The intense aroma and warmth fresh ginger adds to dishes is irreplaceable. The heat found in ginger is attributed to a chemical it contains called gingerol, which is closely related to the capsaicin found in hot peppers and the piperine in black pepper, but is much milder than the two. This mild heat, combined with floral and citrusy aromas, is what makes ginger such a versatile ingredient, just as vital in desserts such as gingersnaps and pumpkin pie as it is in savory dishes like Vietnamese-style chicken meatballs and tingling chili crisp.
When purchasing fresh ginger look for firm pieces, with taught tan skin, and minimal dry spots. If the ginger is looking shriveled, dried out, or has soft spots, it’s a sign the ginger is past its prime and won’t have good texture or flavor. Larger pieces tend to be less dried out because they have had fewer segments snapped off; the more that are snapped off, the more openings there are for moisture to escape. Some fresh ginger has a blue or green tinge on the flesh, which can be caused by long-term cold-storage or simply is an attribute of the particular varietal you picked up. In either case, it’s perfectly safe and doesn’t result in any significant changes to flavor once cooked.
Ginger is often called a root, but it is actually a rhizome, which means it is an underground stem that sends shoots and roots laterally in all directions. This is why ginger often looks so gnarly and knobby, making it tough to know where to get started when prepping it. Here are some tips on how to prep and store ginger, so you can easily incorporate it into your daily cooking.
Ginger Knife Skills: Peeling and Cutting
Although the skin on ginger is edible, it lacks flavor and, depending on how you plan to further process the ginger, can also lend an unpleasant texture to a dish. If I’m going to purée or blend my ginger (more on that below), then I don’t bother peeling it, because the blender will break the skin down completely, making it unnoticeable. If I’m cutting ginger into slices, matchsticks, or a fine dice, then it pays to take an extra moment to peel away the skin.
I find the easiest way to peel ginger is to start with a vegetable peeler to remove the majority of the skin. I then switch to a spoon, which is good for scraping away any remaining skin trapped within the grooves and nooks of the knob.
Each finger of ginger has tough fibers running lengthwise through it, so the key to getting tender pieces is to always cut across the grain, just as you would for carving a steak. Because one piece of ginger can have several fingers branching out in different directions, I like to start by separating each to make sure I’m always cutting each segment against the grain.
Once I’ve divided the knob of peeled ginger into individual fingers, I cut crosswise for slices. If a recipe calls for matchsticks, I then stack the slices and cut across again to yield thin and tender matchsticks. It can be tempting to cut ginger lengthwise for long matchsticks, but they’ll have those long fibers running lengthwise through them, resulting in a texture that’s stringy and tough. If for aesthetic reasons you prefer longer matchsticks, it’s better to cut diagonally across the finger, like slicing a baguette, which allows you to have long pieces that are still cut against the grain.

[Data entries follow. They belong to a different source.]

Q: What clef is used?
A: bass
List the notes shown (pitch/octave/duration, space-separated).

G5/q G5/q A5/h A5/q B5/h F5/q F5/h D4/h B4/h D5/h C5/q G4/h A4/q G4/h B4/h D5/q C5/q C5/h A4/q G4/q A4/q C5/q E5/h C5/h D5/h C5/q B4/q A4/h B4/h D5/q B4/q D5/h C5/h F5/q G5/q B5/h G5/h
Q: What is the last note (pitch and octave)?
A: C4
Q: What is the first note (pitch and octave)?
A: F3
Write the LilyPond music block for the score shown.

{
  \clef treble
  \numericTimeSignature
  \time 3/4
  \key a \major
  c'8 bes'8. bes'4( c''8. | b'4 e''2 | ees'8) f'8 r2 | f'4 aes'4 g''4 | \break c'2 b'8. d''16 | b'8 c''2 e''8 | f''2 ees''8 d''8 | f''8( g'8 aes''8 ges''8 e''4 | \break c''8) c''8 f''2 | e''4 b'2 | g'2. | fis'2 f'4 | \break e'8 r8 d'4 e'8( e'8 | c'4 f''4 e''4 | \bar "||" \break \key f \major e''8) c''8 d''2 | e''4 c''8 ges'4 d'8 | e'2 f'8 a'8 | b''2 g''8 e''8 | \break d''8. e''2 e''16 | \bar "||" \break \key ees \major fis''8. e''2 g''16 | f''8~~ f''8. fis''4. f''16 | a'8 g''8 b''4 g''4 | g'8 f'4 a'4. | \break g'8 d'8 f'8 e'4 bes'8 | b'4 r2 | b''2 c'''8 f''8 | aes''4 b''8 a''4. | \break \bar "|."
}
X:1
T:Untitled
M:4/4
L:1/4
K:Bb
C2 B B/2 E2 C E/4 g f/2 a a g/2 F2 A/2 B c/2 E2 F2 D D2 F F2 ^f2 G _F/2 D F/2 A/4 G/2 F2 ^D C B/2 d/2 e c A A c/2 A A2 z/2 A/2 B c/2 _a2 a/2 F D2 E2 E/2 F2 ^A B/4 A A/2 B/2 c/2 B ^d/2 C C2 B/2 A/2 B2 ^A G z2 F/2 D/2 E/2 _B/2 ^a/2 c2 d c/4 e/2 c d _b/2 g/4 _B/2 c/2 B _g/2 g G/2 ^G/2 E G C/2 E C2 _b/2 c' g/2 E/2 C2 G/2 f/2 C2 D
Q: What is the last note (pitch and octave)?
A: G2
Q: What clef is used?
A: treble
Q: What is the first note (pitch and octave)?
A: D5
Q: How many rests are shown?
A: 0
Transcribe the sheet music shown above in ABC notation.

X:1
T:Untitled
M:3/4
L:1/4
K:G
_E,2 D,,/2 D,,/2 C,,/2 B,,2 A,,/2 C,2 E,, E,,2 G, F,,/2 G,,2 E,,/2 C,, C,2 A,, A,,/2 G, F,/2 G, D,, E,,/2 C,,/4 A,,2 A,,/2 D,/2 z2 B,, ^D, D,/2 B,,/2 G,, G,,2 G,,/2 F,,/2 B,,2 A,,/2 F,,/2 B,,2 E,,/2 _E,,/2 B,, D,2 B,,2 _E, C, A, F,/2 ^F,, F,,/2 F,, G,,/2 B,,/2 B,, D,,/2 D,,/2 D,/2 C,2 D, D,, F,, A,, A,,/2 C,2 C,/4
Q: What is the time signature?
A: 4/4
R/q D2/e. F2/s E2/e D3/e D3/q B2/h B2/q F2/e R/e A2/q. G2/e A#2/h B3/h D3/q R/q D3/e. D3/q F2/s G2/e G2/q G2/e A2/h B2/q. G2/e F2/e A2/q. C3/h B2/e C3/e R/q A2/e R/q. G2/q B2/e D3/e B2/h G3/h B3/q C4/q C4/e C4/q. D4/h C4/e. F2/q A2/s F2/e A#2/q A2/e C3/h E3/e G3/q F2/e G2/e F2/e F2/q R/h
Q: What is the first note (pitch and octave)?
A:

Bulk Prep: Purée and Freeze
If you’re anything like me, then you know what it feels like to regularly move through mountains of ginger. I use ginger frequently, so I don’t have time for peeling and fussy knife cuts—instead, I prefer to blend it into a purée and freeze it in bulk. Because the blender will be doing most of the work, I save time by leaving the peel on. However, it is still important to thinly slice the ginger against the grain. Even a high-end blender like the Vita Prep will struggle to break down tough fibers.
After slicing the ginger crosswise, I blend it into a smooth purée with just enough water to get things moving. I finally freeze the ginger purée flat in zip top bags. Any time I need ginger I just have to crack off a piece—since the ginger is frozen flat, it quickly melts back into a purée. The purée is perfect for instant ginger tea, for adding some kick to your morning smoothie, and for stirring into braises.
Need Only a Little: Peel, Freeze Whole, and Grate as Needed
An unpeeled knob of ginger can hold up pretty well in the fridge for a couple weeks, but if you use it only occasionally you’re better off storing it in the freezer. After peeling a knob of ginger, I wrap it tightly in plastic and store it in the freezer whole. I then use a microplane to grate if from frozen for delicate flakes of ginger snow, which easily work their way into cocktails and sauces. Because you’ve already gotten the fussy peeling out of the way, you can quickly add a punch of ginger to any dish.